Print the listing below only from the line that has "Load image into" through the line that has "X0000085750615200704131713", exactly, and drop any picture.

■ GIVEN DATA:
■ ■ ■
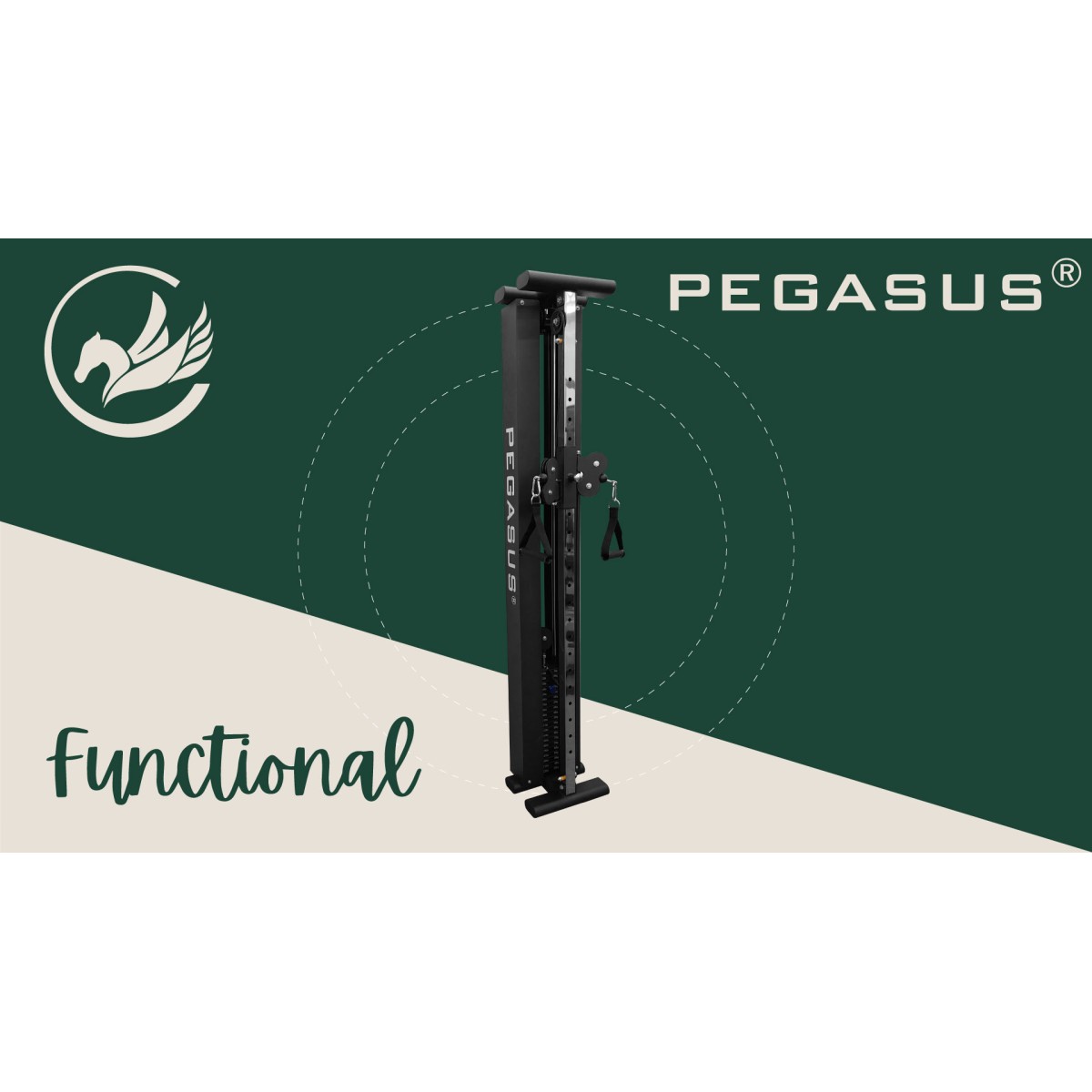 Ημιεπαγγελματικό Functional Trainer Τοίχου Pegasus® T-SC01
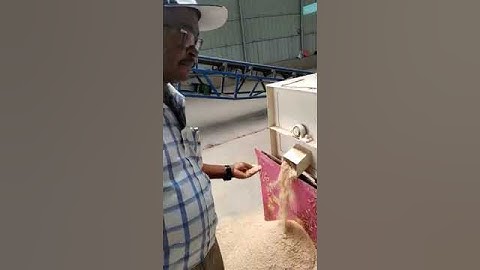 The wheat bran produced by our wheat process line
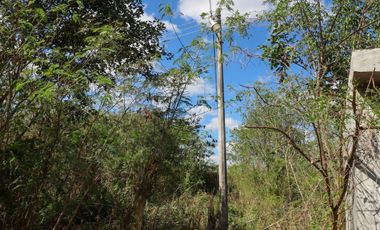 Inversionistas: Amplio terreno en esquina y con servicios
■ ■ ■
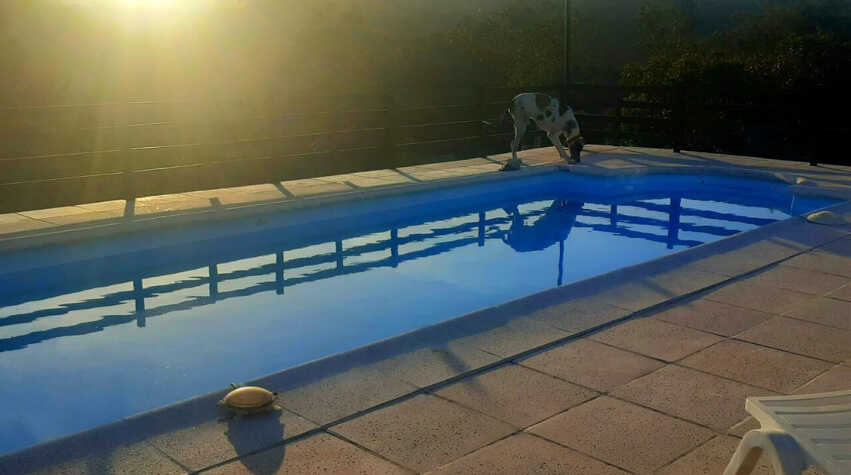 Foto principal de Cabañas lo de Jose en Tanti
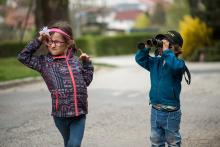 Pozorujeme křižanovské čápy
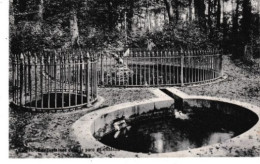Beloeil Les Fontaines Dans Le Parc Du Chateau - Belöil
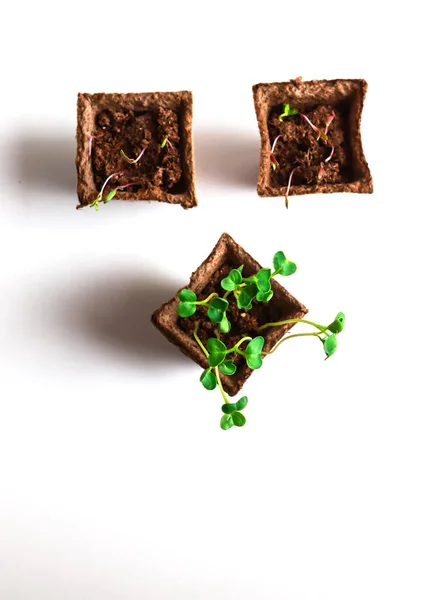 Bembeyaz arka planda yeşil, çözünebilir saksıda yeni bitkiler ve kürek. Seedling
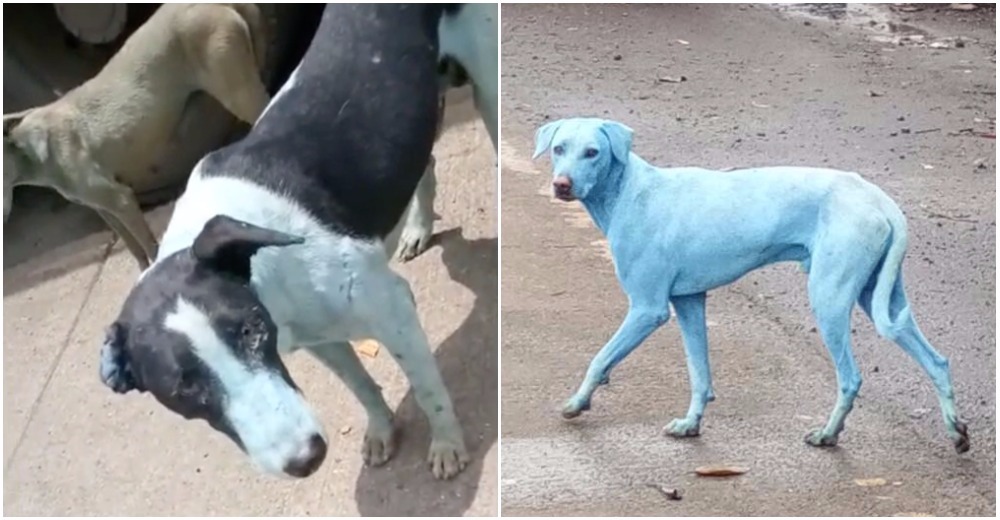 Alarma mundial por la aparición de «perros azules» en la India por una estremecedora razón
■ ■ ■
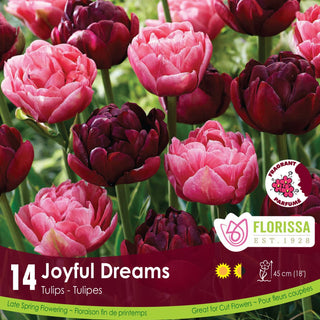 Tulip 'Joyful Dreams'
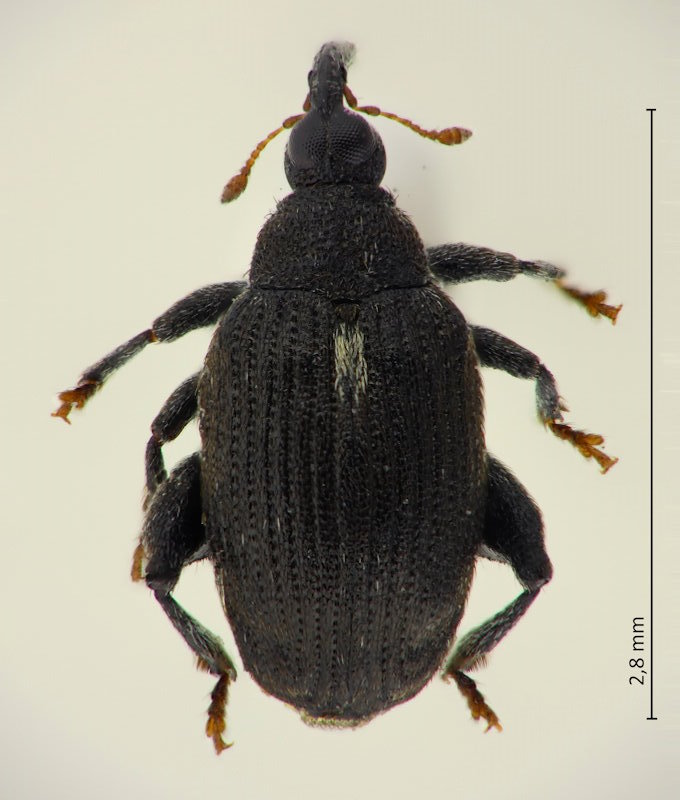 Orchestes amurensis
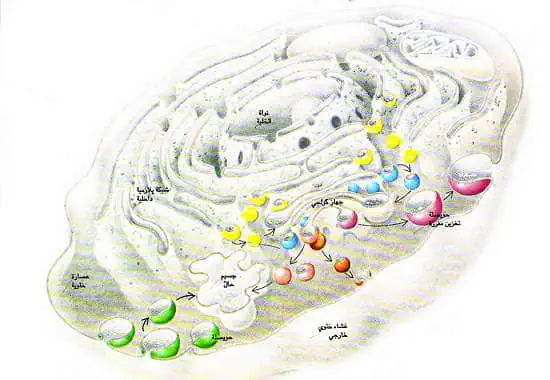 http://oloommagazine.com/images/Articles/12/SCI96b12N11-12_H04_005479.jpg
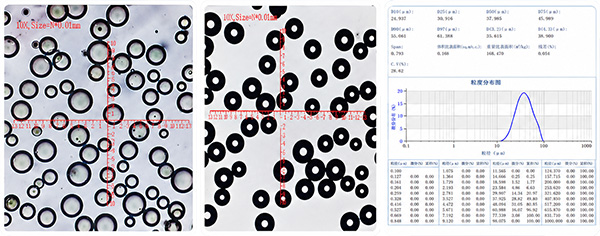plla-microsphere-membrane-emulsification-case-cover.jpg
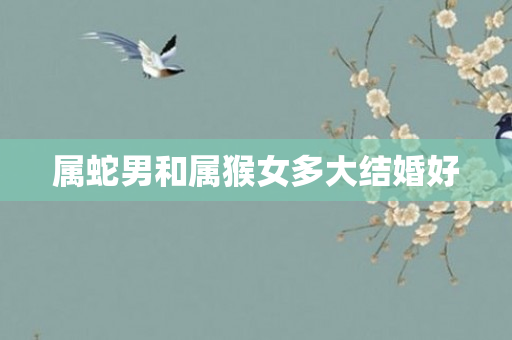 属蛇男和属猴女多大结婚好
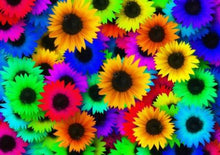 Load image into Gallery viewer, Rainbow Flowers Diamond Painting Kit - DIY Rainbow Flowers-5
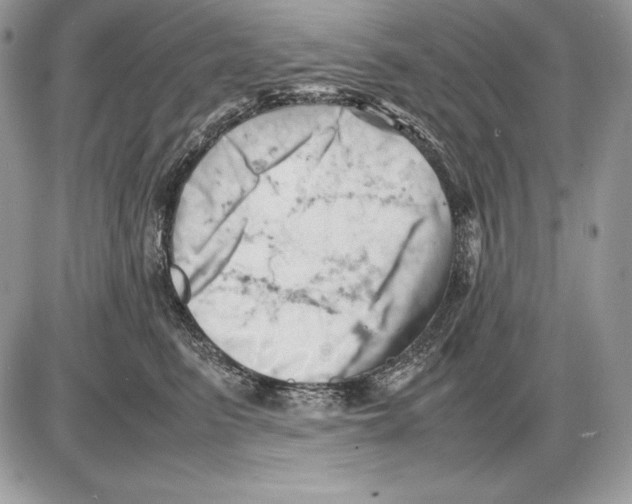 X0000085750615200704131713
■ ■ ■
■ RESPONSE AREA:
 Load image into Gallery viewer, Rainbow Flowers Diamond Painting Kit - DIY Rainbow Flowers-5
 X0000085750615200704131713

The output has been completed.